For Quebec, we’ll just shoot the voice-over. On occasion, we’ll shoot Quebec actors, but we haven’t done that for a long time. Quebec, for us, is a very limited market. In Quebec, they are very seasonal and strictly treat oriented.

Do all the TV commercials run everywhere in North America? Or are some done specifically for certain markets?

All creative is done for all of our platforms [in New York]. We are empowered to run the Canadian business as we need to, and we consult with the elected Canadian advisory committee of franchisees. So we sit down and say, here is our creative pool [of commercials], here is our budget, now what elements of the business will we market?

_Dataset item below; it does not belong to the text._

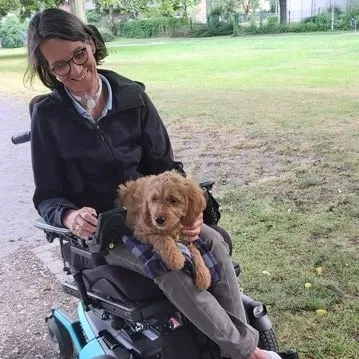 Eddi auf dem Schoß im Rollstuhl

Denise and her team work closely with the advisory council in coming to a consensus to determine how to grow the business. Commercials may be shot in the U.S., but exclusively made for Canada, such as the Blizzard cake launch commercials. Only 5% or 10% of the U.S. market will run food ads.

What societal shifts are you looking at in terms of product development?

We’re [improving] our core offerings. We’re on track to embrace zero trans fat. We are working to ensure it’s a priority. But because of the nature of the business it’s a little more complicated. We introduced salads about seven years ago, but they make up a very small portion of our menu.

The consumer says they will behave one way, but they actually behave another way. I do see that as the baby boomers get older, there’s more discipline towards that healthy alternative. We also see that people are more aware of their caloric intake and save calories for those special times of day to indulge. People will still come to us for treats, for celebrations. We need to stay true to who we are as a brand and what the consumer expects of us.

What other new products are you introducing at the traditional DQs?

Last year we brought out five new products, flavour introductions. We did coconut cream pie – an extension of the pie platform in our Blizzard family. Two years ago, [we introduced] frozen coffee blended drinks called MooLattés, and we introduced a new [MooLatté] flavour, hazelnut, which was quite well received. And we brought out two new additional Blizzard flavours – the M&M Monster Cookie Blizzard, and Caramel Chip CheeseQuake. As well, there’s a new burger called a Chili-Cheese Grill Burger.

What about some of the newish menu options for your Grill & Chill platform?

Grill & Chill unique menu offerings include a quesadilla, a philly steak sandwich, grilled turkey, and we also have a grilled ham and cheese offering. We are using the Grill & Chill environment to launch them, and then take the products and move them through the rest of the system [so they will be at a DQ close to you].

In your time as president, what are you most proud of?

One of the things I’m proud of is that for seven years running we had same-store sales growth. In 2006, we had 8% system sales for the Canadian system. There are not many in this industry who can say that. A lot of times you will look at sales and say our revenues are up, but they may be up for different reasons – they might have sold property, added new stores – but the true measure is same-stores sales growth.

Where is your biggest growth?

Definitely Alberta, Saskatchewan second, then the Maritimes. It’s not only growth in same-store sales but in mall development. We’ve been very, very successful in our mall environment. Our mall division was up more than 10% in same-store sales in 2006, on top of 11% the year before. Next to Tim Hortons, there hasn’t been anyone close to us.